7. The fastener driving workhead unit of claim 1, wherein the at least one jaw block clamp defines a generally “C”-shape when viewed from above for fitting over a rod indentation of the guide rod and locking the guide rod in a throughbore of the jaw block.

8. The fastener driving workhead unit of claim 6, wherein a first clearance is defined between the first protrusion portion and a first inner wall of a jaw block side cavity of the jaw block when the at least one jaw block clamp is pushed into the corresponding jaw block side cavity.

9. The fastener driving workhead unit of claim 8, wherein the first clearance enables the at least one jaw block clamp to generate a squeezing force against a rod indentation of the guide rod by bending or deforming an elongated body of the jaw block clamp.

10. The fastener driving workhead unit of claim 1, wherein the hammer bushing clamp defines a generally “C”-shape when viewed from above for fitting over a rod indentation of the guide rod and locking the guide rod in a throughbore of the jaw block.

11. The fastener driving workhead unit of claim 1, wherein the hammer bushing clamp is dimensioned for insertion into a bushing side cavity of the hammer bushing.

12. The fastener driving workhead unit of claim 10, wherein a finger pull disposed is used for horizontal rotational manipulation of the hammer bushing clamp.

13. The fastener driving workhead unit of claim 11, wherein a clamp indentation disposed on an inner wall of an elongated body of the hammer bushing clamp matingly engages a coupler indentation of the extension coupler when the hammer bushing clamp is fully pushed into the bushing side cavity.

14. The fastener driving workhead unit of claim 1, wherein the hammer bushing has a first protrusion portion at one end, and a second protrusion portion at an opposite end, at least the first protrusion portion having a horizontal bore.

15. The fastener driving workhead unit of claim 14, wherein

a first clearance is defined between the first protrusion portion and a first inner wall of a bushing side cavity of the hammer bushing when the hammer bushing clamp is pushed into the corresponding bushing side cavity; and

a second clearance is defined between the second protrusion portion and a second inner wall of the bushing side cavity of the hammer bushing for allowing insertion of the hammer bushing clamp during a clamping process.

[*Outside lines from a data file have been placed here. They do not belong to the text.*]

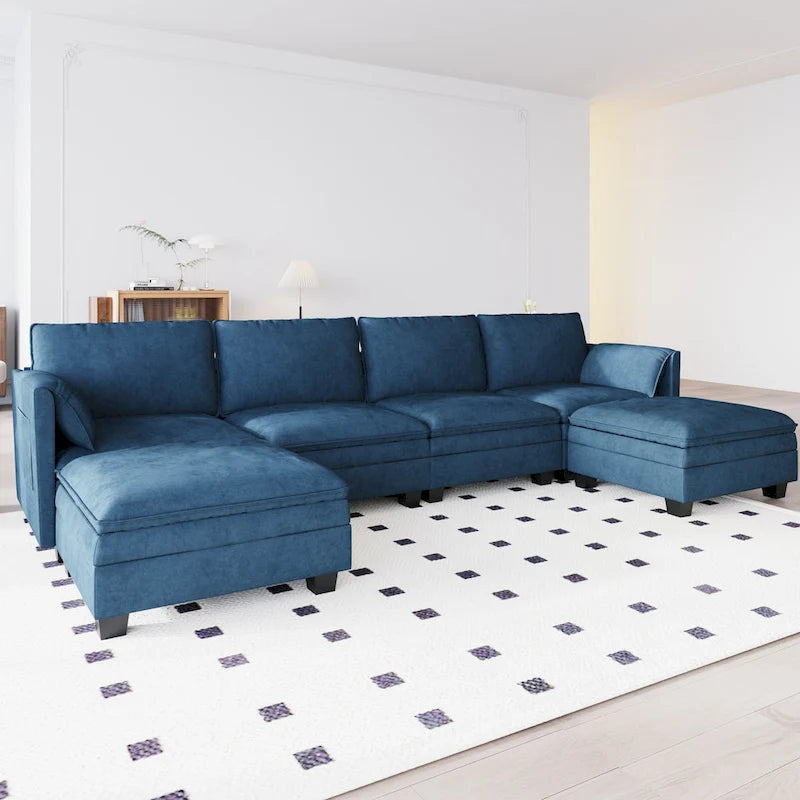 U-Shaped Sectional Sofa with Chaise Lounges and Armrest Storage Pocket Gray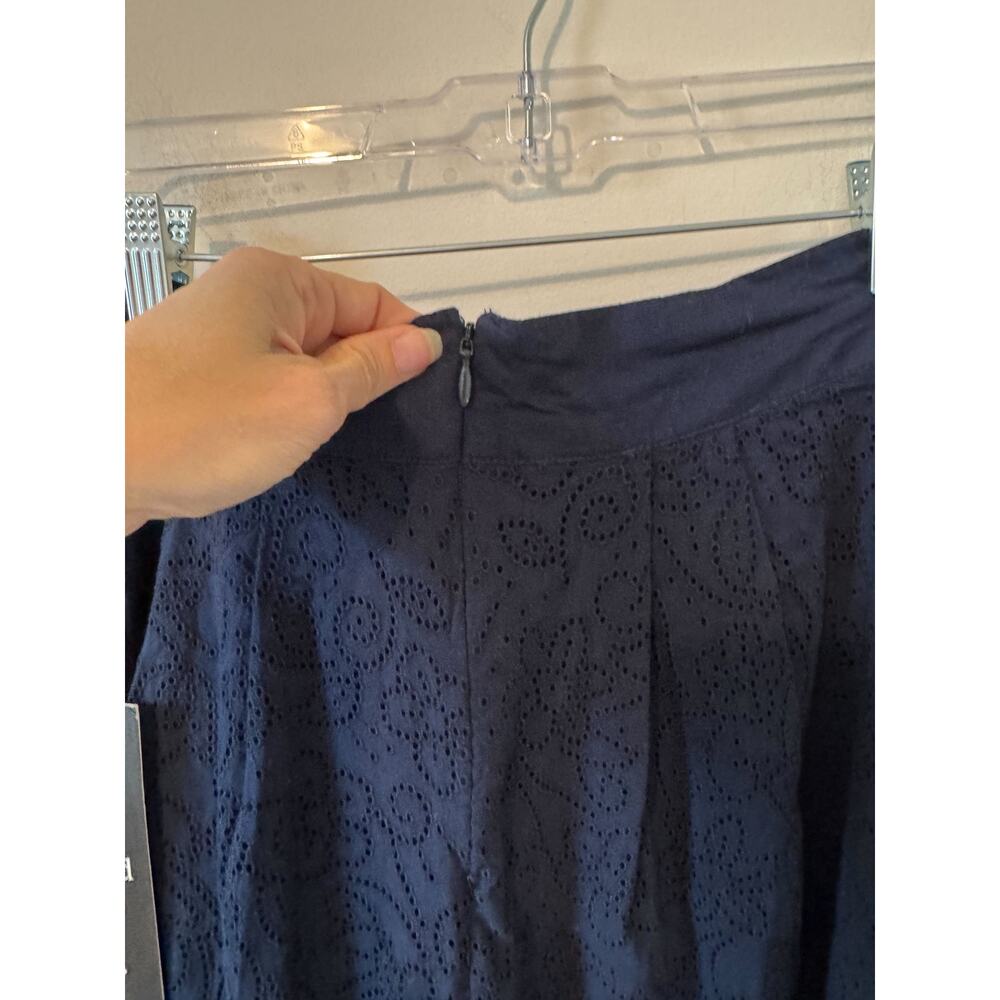 Tuckernuck Stripe Eyelet Pocket Maxi Skirt Navy Blue White Size Small NEW - Picture 10 of 14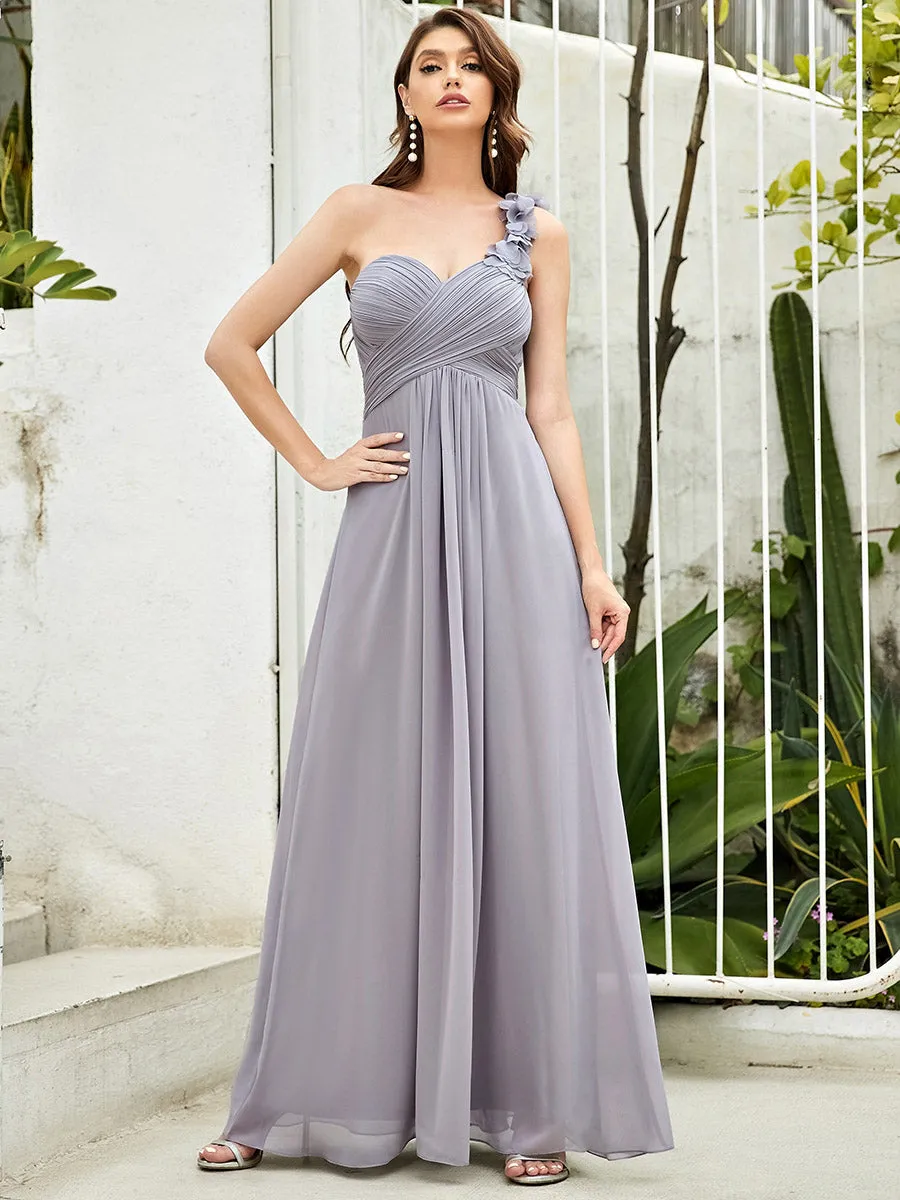 One Shoulder Wholesale Bridesmaid Dresses With Flower Decoration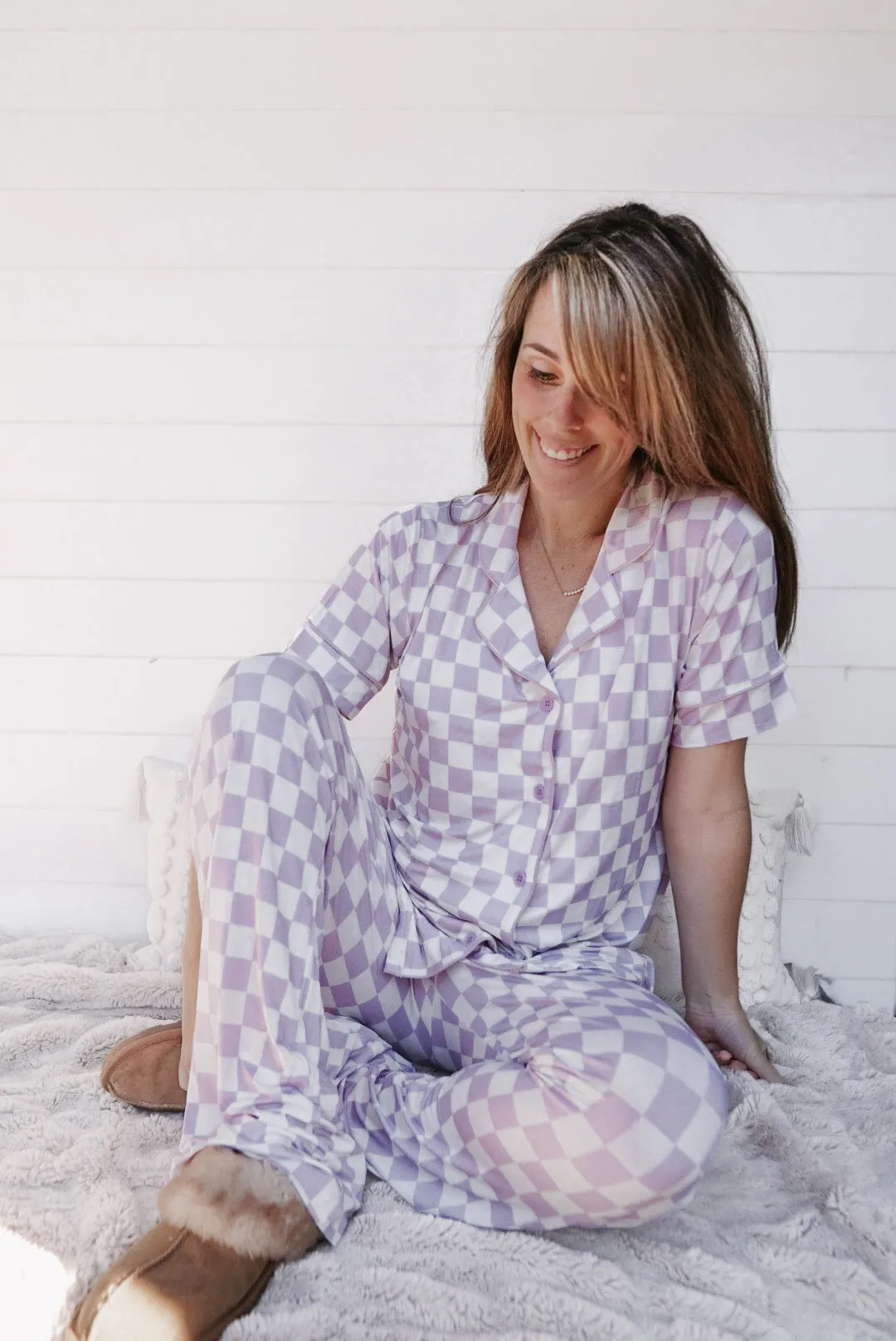 PERIWINKLE CHECKERS WOMEN'S RELAXED FLARE DREAM SET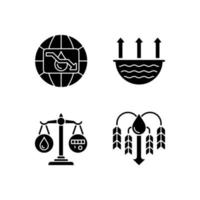 Suffering from water shortage black glyph icons set on white space vector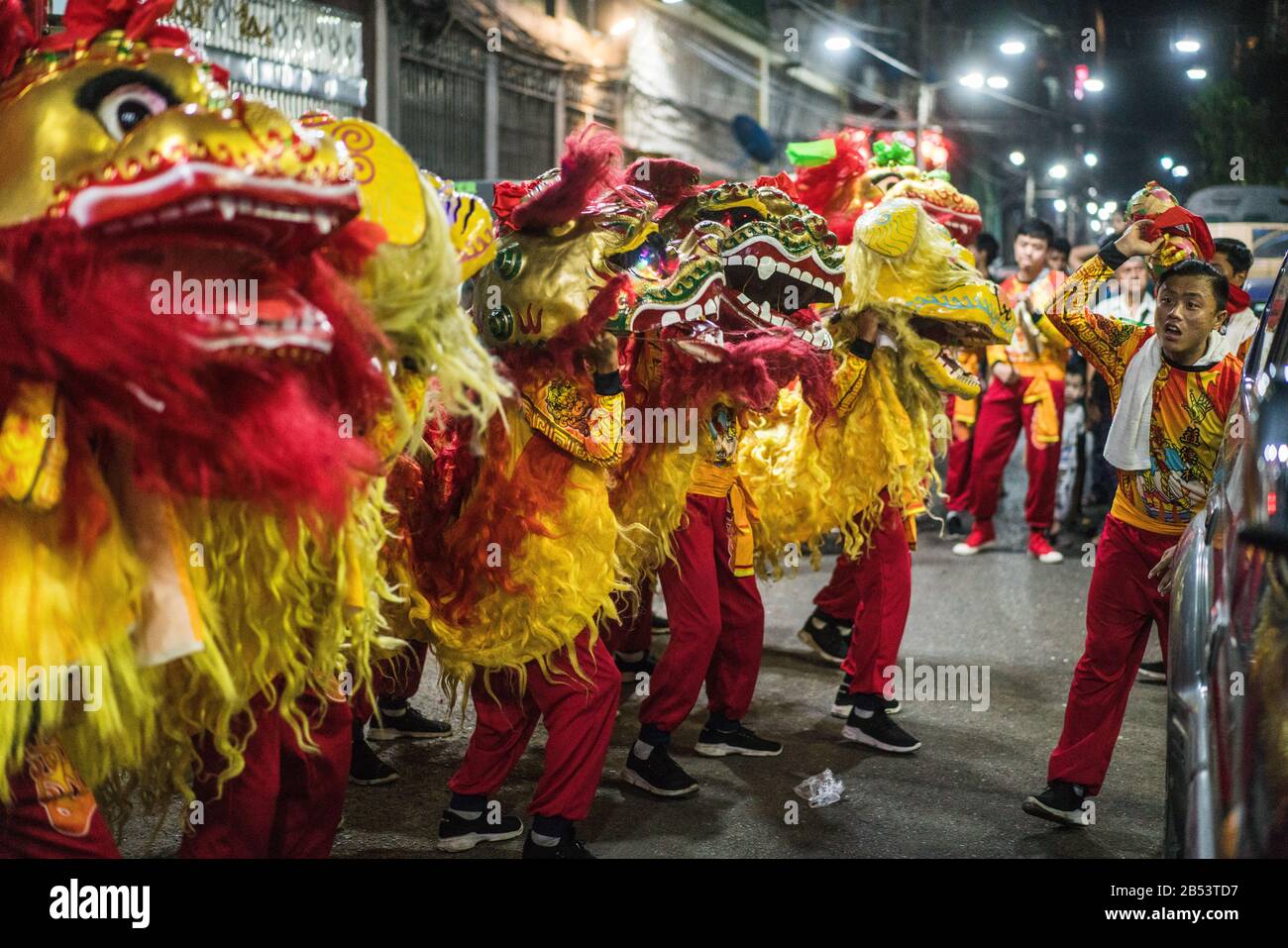 Celebration chinese new year in the streets of the Yangon, Myanmar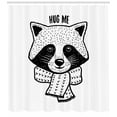 thumbnail image 3 of Ambesonne Hug Shower Curtain, Raccoon with Hug Me Words, 69"Wx84"L, Charcoal Grey and White, 3 of 3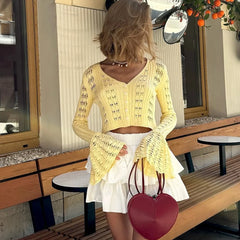 Coasting Through Hollow Out Knitted Cardigan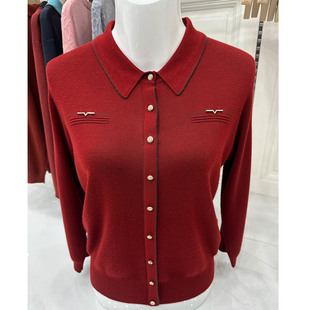 中老年妈妈洋气小衫春装2025新款上衣翻领t恤针织衫女薄款打底衫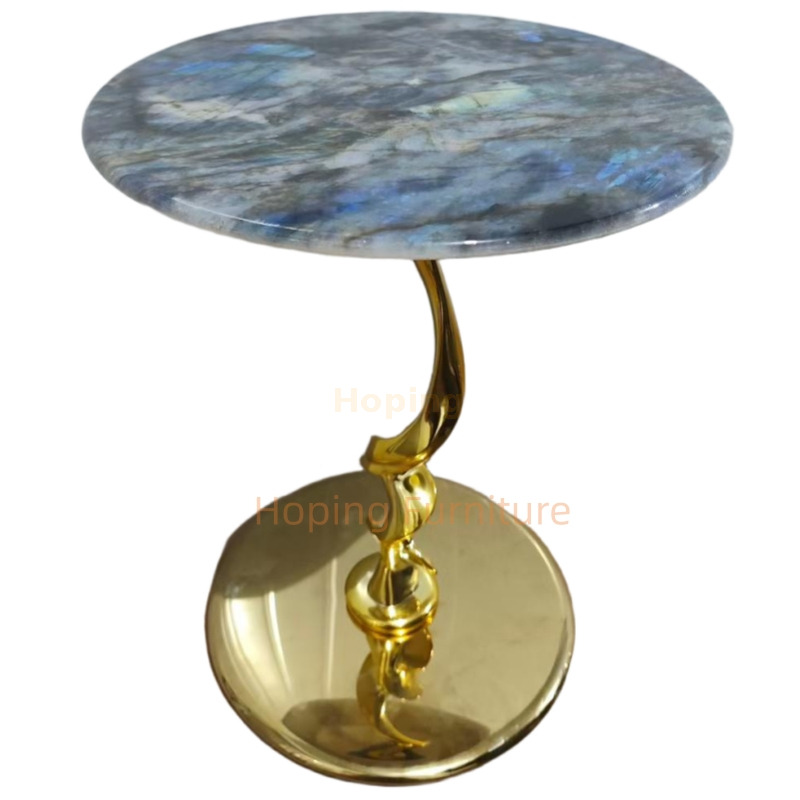 Luxury Round Blue Stone Top with Twisted Gold Metal Base Accent End Table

16. A fastener driving workhead unit for performing an operation on spikes of a railroad track having a plurality of ties, comprising:

a hammer housing configured for accommodating a hammer, the housing being attached to a hammer bushing having a hammer bushing clamp;

an anvil assembly having an anvil and an extension coupler, the extension coupler being releasably secured to the hammer bushing by fastening the hammer bushing clamp;

a jaw assembly having a jaw block, the jaw block having at least one jaw block clamp for releasably securing a guide rod to the jaw block by the jaw block clamp, such that the anvil freely reciprocates in the hammer housing for driving the spikes into the plurality of ties; and

wherein the hammer bushing clamp is dimensioned for insertion into a bushing side cavity of the hammer bushing.